7 Interpolation

Consider a Lie group $G$, with two elements $a,b\in G$. We would like to interpolate between these elements, according to a parameter $t\in\left[0,1\right]$. Define a function that will perform the interpolation:

$$f:G\times G\times\mathbb{R} \rightarrow G$$ (206)

$$f\left(a,b,0\right) = a$$ (207)

$$f\left(a,b,1\right) = b$$ (208)

The function is defined by transforming the interpolation operation into the tangent space, performing the linear combination there, and then transforming the resulting tangent vector back onto the manifold. First consider the group element that takes $a$ to $b$:

$$d \equiv b\cdot a^{-1}\in G$$ (209)

$$d\cdot a = b$$ (210)

Now compute the corresponding Lie algebra vector and scale it in the tangent space:

$$\mathbf{d}(t)=t\cdot\ln\left(d\right)$$ (211)

Then transform back into the manifold using the exponential map, yielding a ``partial'' transformation:

$$d_{t}=\exp\left(\mathbf{d}(t)\right)$$ (212)

Combining these three steps gives a definition for $f$:

$$f(a,b,t) = d_{t}\cdot a$$ (213)

$$= \exp\left(t\cdot\ln\left(b\cdot a^{-1}\right)\right)\cdot a$$ (214)

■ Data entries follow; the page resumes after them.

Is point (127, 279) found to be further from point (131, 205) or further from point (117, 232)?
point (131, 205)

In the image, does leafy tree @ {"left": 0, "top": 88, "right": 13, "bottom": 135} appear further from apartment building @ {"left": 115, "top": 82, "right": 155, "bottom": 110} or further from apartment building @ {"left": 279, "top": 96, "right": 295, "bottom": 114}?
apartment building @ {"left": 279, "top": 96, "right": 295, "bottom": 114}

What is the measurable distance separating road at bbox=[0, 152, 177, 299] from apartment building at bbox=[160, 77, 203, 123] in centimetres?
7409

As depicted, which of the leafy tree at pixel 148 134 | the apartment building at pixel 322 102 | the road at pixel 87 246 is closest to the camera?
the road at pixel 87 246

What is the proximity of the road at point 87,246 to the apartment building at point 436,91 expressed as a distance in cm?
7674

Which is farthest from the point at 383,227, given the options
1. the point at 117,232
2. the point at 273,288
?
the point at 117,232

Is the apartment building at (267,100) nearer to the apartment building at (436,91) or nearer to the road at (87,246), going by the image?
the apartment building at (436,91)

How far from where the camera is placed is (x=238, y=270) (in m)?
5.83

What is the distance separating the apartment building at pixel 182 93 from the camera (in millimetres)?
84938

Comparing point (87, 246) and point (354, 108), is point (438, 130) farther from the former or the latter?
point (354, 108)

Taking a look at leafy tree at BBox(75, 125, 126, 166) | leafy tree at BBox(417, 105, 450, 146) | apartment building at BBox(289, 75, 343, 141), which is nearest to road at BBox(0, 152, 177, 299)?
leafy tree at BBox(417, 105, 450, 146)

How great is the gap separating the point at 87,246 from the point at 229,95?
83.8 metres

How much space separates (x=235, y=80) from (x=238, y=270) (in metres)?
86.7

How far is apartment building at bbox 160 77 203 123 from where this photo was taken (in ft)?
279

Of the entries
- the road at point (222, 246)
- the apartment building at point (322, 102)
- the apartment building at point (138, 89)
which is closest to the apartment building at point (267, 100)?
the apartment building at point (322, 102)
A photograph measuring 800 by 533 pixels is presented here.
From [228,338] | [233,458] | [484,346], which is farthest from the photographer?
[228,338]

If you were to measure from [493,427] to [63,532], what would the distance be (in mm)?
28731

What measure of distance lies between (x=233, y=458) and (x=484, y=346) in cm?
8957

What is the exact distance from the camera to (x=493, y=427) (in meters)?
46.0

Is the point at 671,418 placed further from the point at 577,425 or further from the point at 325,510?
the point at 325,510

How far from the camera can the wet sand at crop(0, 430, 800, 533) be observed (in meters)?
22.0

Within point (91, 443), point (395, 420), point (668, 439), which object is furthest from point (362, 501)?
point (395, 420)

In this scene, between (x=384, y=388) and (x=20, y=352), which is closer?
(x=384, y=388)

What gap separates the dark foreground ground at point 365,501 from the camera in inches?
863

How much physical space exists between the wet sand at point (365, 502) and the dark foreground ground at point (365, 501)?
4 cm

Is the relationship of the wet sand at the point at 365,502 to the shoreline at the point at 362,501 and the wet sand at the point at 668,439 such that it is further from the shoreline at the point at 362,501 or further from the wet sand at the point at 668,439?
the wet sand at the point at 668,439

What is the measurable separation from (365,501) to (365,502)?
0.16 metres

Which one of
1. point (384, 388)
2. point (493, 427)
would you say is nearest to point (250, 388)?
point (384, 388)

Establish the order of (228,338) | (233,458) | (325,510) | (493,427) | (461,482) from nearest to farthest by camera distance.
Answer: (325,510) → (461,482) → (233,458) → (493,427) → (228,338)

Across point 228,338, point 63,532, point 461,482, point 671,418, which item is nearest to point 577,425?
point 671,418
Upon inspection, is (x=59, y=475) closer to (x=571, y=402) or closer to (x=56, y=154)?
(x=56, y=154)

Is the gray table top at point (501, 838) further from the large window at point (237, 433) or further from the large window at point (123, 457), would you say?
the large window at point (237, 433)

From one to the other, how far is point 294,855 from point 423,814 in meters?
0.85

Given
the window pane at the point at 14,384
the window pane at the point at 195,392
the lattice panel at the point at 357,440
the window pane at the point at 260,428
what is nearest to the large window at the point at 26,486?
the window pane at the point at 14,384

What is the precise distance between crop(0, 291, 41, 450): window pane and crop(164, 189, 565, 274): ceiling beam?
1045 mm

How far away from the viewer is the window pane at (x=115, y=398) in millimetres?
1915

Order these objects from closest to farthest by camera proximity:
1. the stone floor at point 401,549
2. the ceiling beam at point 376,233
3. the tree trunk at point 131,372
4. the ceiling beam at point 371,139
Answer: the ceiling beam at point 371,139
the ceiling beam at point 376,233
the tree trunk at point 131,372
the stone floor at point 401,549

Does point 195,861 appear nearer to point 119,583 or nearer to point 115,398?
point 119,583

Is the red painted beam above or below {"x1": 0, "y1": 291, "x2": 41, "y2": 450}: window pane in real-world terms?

Note that the result is always on the manifold, due to the properties of the exponential map. No projection or coercion is required. Furthermore, the linear transformation in the tangent space corresponds to moving along a geodesic of the manifold. So the interpolation always moves along the ``shortest'' transformation in the Lie group.